# Dataset content
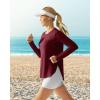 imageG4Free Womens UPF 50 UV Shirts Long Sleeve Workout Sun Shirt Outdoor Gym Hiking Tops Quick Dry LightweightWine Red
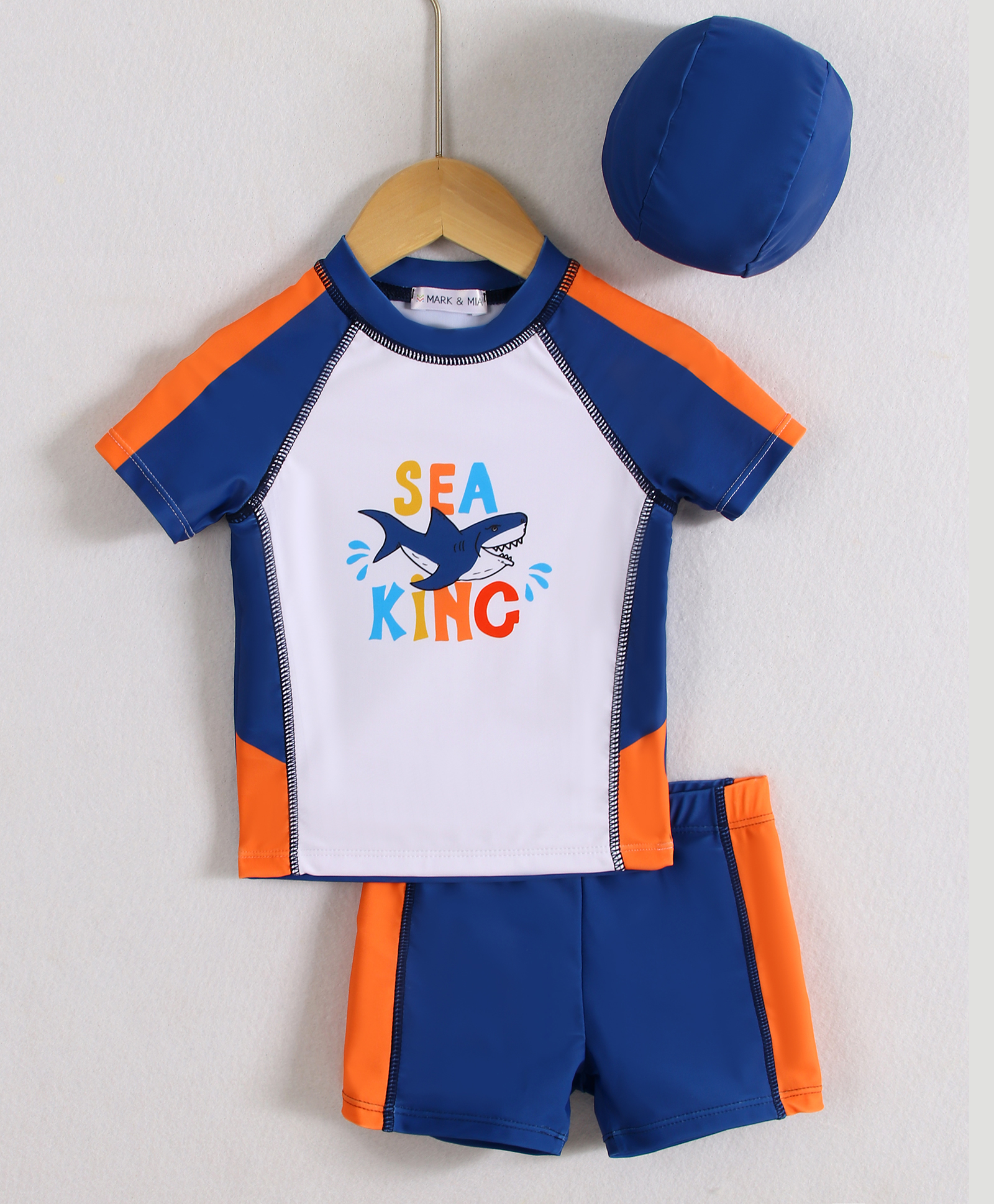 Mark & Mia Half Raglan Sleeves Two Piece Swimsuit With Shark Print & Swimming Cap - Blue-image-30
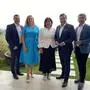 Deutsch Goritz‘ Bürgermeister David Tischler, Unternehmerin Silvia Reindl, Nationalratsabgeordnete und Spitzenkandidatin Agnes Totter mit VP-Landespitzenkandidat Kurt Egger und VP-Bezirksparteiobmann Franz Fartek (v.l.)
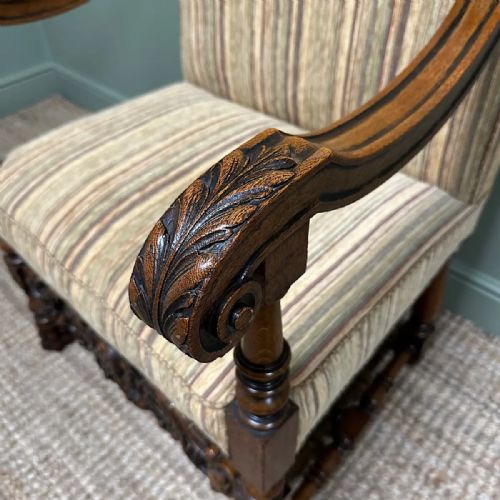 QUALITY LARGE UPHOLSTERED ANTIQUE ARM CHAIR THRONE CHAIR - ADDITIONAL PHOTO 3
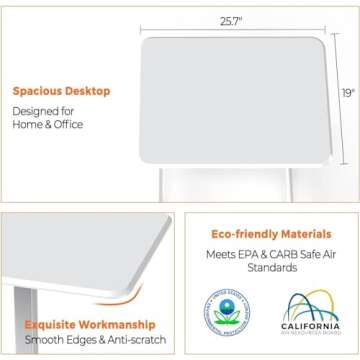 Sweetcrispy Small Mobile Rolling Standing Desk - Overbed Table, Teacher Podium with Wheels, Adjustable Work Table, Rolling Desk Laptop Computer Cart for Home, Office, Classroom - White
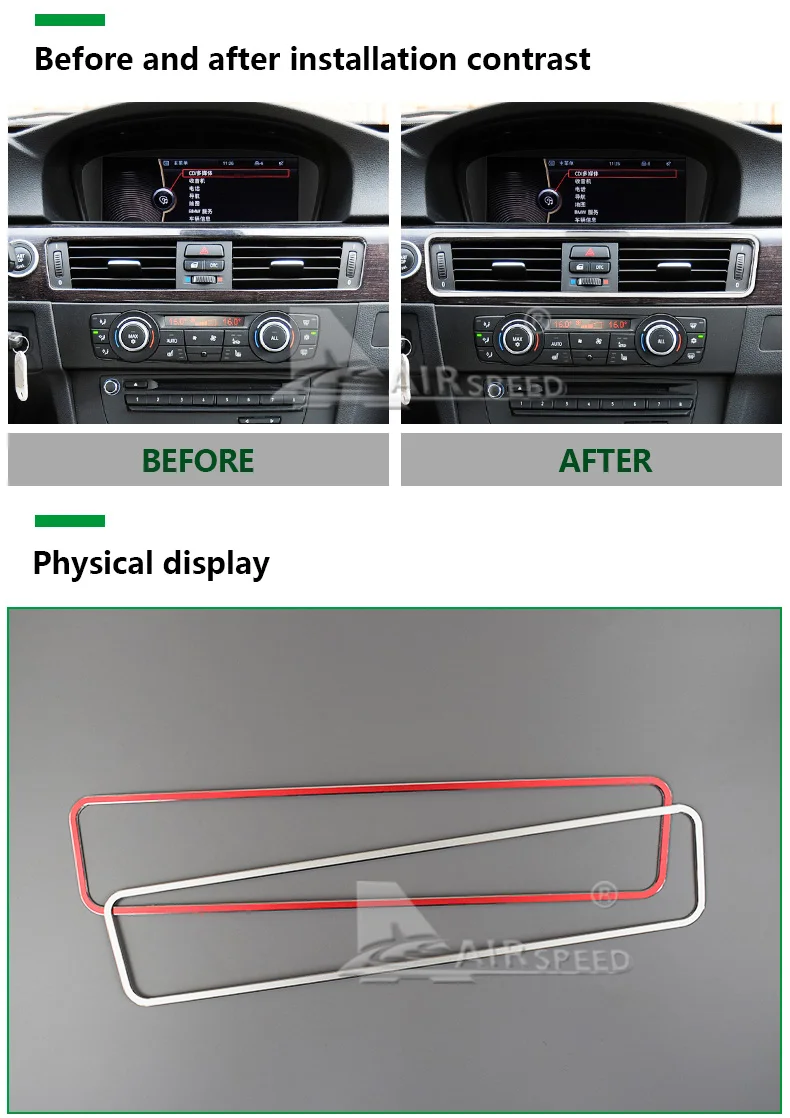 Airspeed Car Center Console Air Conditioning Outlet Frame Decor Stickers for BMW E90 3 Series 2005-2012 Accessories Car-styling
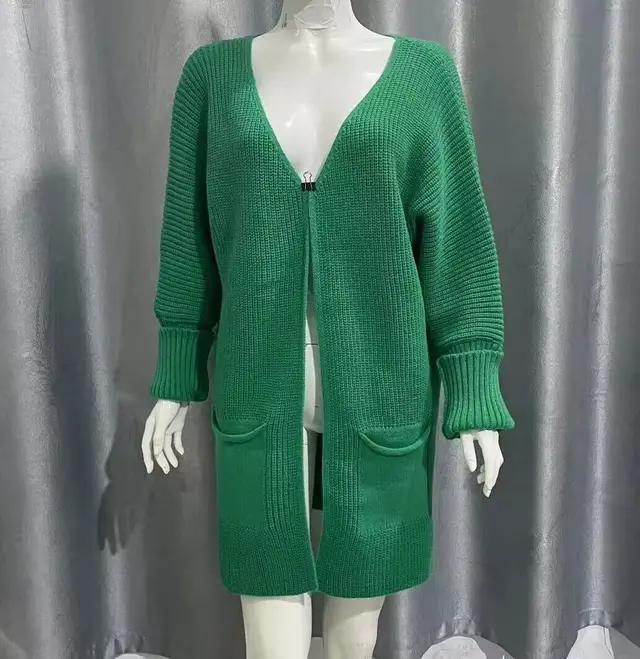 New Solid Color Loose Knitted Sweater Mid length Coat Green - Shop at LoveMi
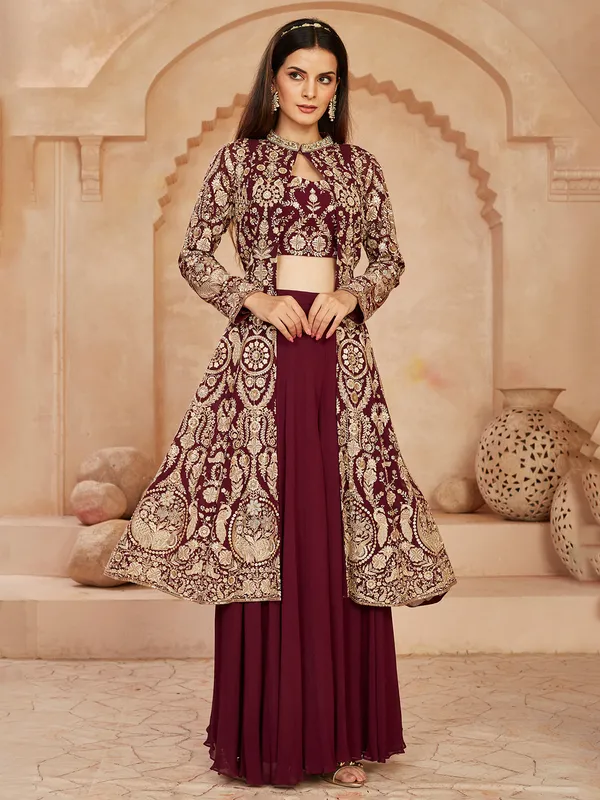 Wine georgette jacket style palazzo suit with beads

# Task objective
Print the full listing again exactly, and drop every image from it.

# Solution for this problem
 imageG4Free Womens UPF 50 UV Shirts Long Sleeve Workout Sun Shirt Outdoor Gym Hiking Tops Quick Dry LightweightWine Red
 Mark & Mia Half Raglan Sleeves Two Piece Swimsuit With Shark Print & Swimming Cap - Blue-image-30
 Deutsch Goritz‘ Bürgermeister David Tischler, Unternehmerin Silvia Reindl, Nationalratsabgeordnete und Spitzenkandidatin Agnes Totter mit VP-Landespitzenkandidat Kurt Egger und VP-Bezirksparteiobmann Franz Fartek (v.l.)
 QUALITY LARGE UPHOLSTERED ANTIQUE ARM CHAIR THRONE CHAIR - ADDITIONAL PHOTO 3
 Sweetcrispy Small Mobile Rolling Standing Desk - Overbed Table, Teacher Podium with Wheels, Adjustable Work Table, Rolling Desk Laptop Computer Cart for Home, Office, Classroom - White
 Airspeed Car Center Console Air Conditioning Outlet Frame Decor Stickers for BMW E90 3 Series 2005-2012 Accessories Car-styling
 New Solid Color Loose Knitted Sweater Mid length Coat Green - Shop at LoveMi
 Wine georgette jacket style palazzo suit with beads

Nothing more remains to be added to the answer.